What is required:
Transcribe all of the data exactly. Omit the pictures.

Dataset content:
- Opening Delimiter -
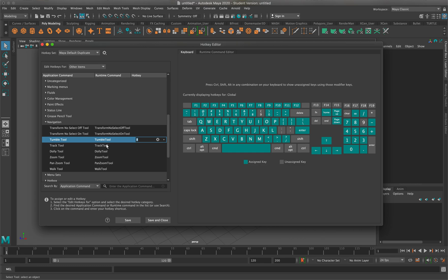The next thing we're going to do is go to track tool and set that to nine. Now both those are lit up.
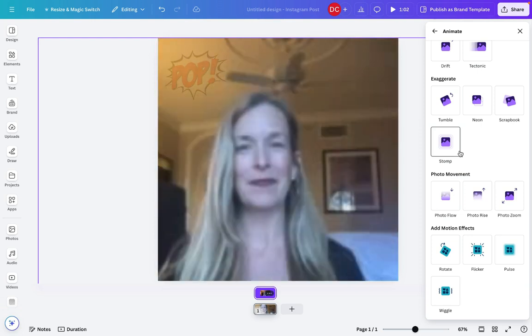But I think that looks, oh, the stomp one looks pretty good. So okay. Now you've got the basics of how to add an AI avatar inside Canva.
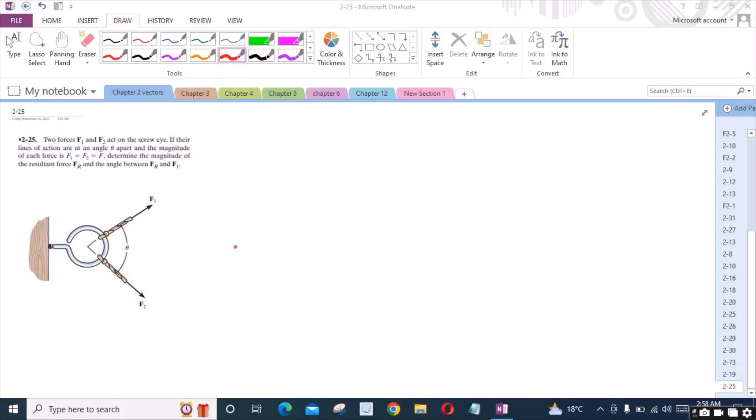Welcome back to the Solutions Manual. In this video we will solve problem 2-2-5 from R.C. Hibbeler Engineering Statics.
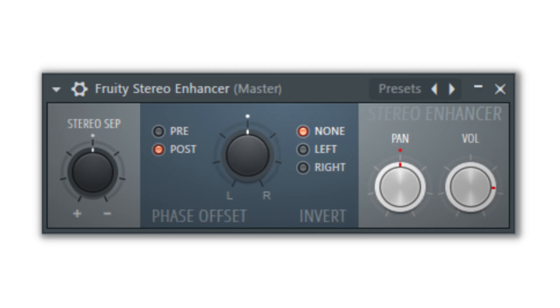This plug-in can be placed on a mono signal, such as a guitar that was recorded through a mic or with direct input, and by bumping the phase offset a small amount, you can give the guitar a richer sound.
- Closing Delimiter -
Output of the exercise:
The next thing we're going to do is go to track tool and set that to nine. Now both those are lit up.
But I think that looks, oh, the stomp one looks pretty good. So okay. Now you've got the basics of how to add an AI avatar inside Canva.
Welcome back to the Solutions Manual. In this video we will solve problem 2-2-5 from R.C. Hibbeler Engineering Statics.
This plug-in can be placed on a mono signal, such as a guitar that was recorded through a mic or with direct input, and by bumping the phase offset a small amount, you can give the guitar a richer sound.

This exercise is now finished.